What the task requires. Would you print the lines below exactly, beginning at the line that has "Cream Long Sleeve Top | Black-White Stripe" and stopping after the line that has "Hippie Flower Pattern"? Only those lines, and no pictures.

Extracted entries.
*** Block opens ***

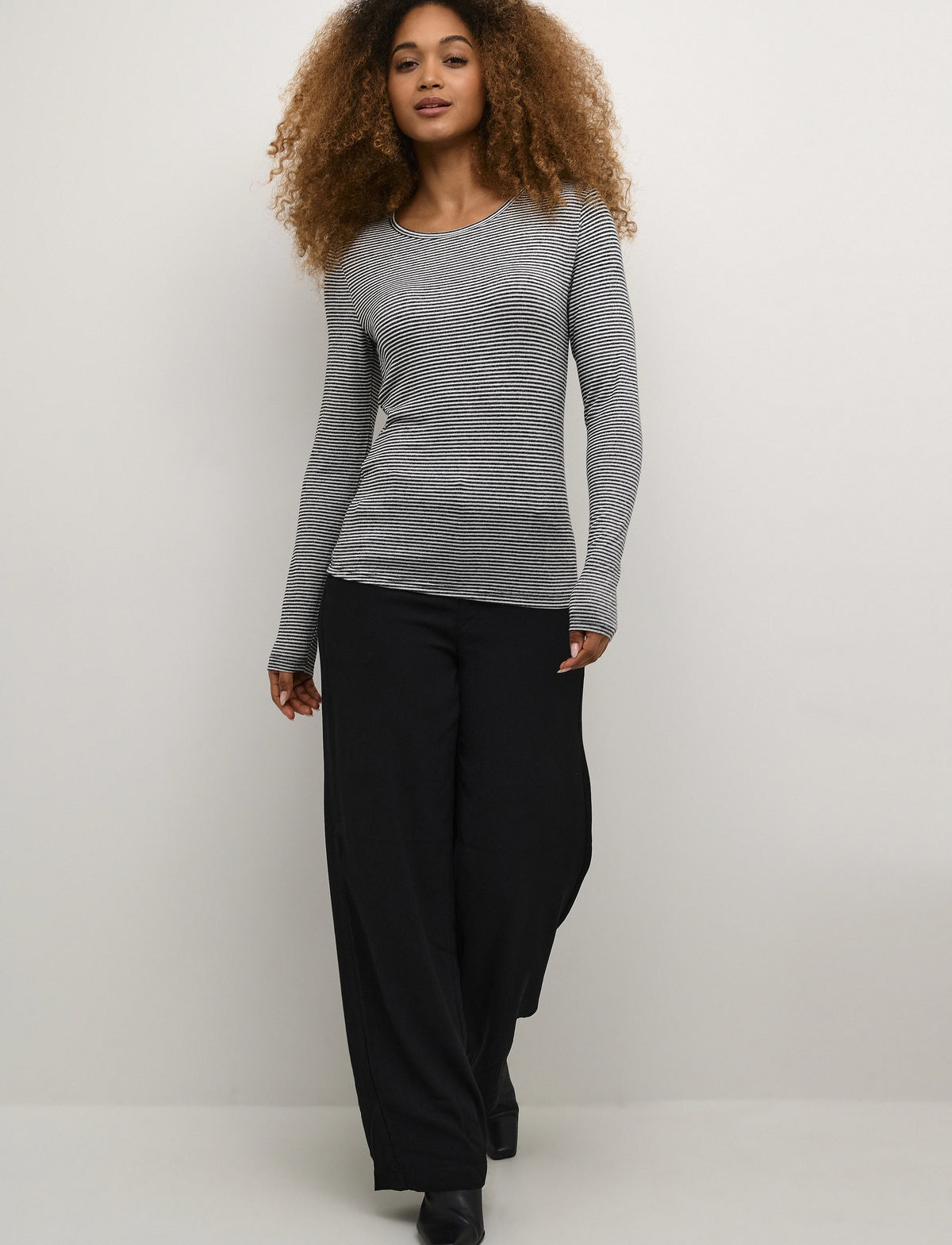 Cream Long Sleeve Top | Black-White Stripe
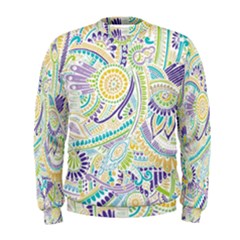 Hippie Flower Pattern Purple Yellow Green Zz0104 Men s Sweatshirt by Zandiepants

*** Block closes ***
*** Block opens ***

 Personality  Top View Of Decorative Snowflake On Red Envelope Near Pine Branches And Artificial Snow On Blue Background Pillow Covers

*** Block closes ***
*** Block opens ***

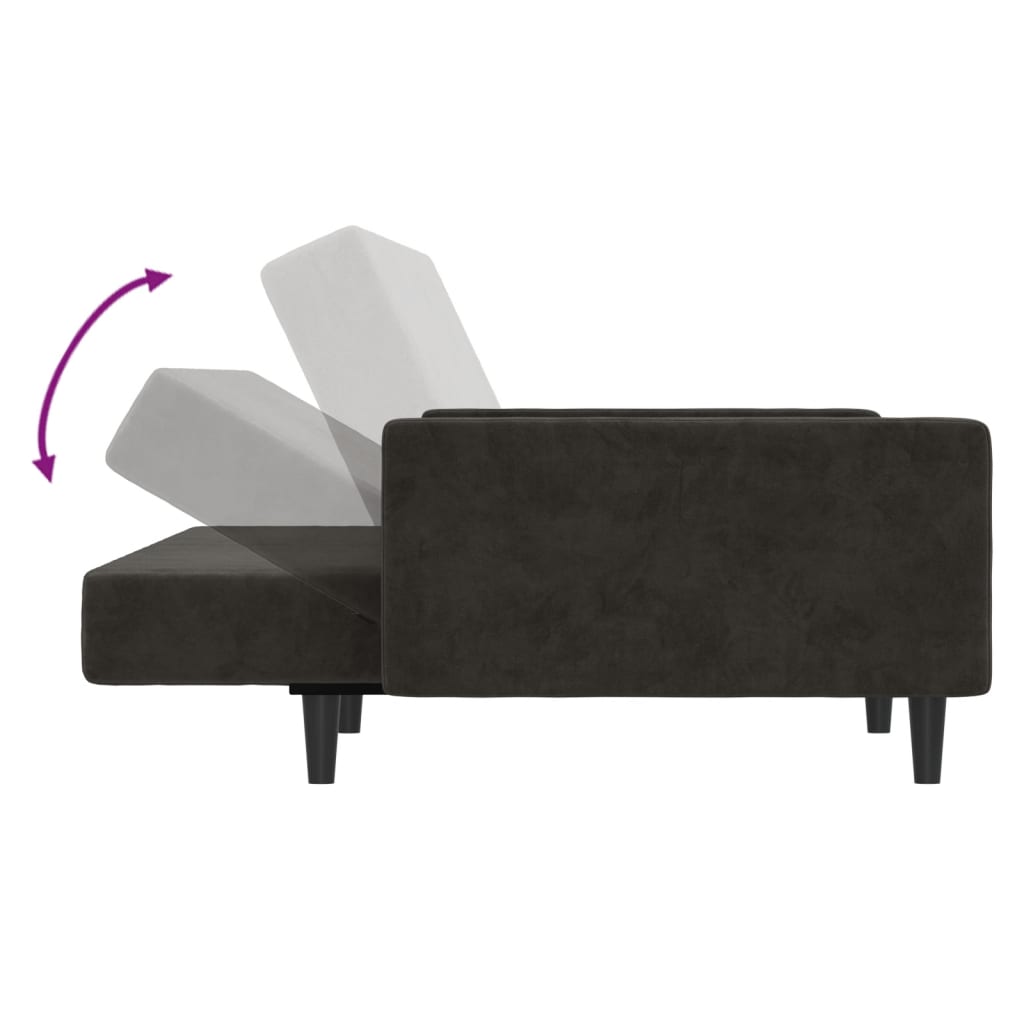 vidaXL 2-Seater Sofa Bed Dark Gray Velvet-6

*** Block closes ***

Reply.
 Cream Long Sleeve Top | Black-White Stripe
 Hippie Flower Pattern Purple Yellow Green Zz0104 Men s Sweatshirt by Zandiepants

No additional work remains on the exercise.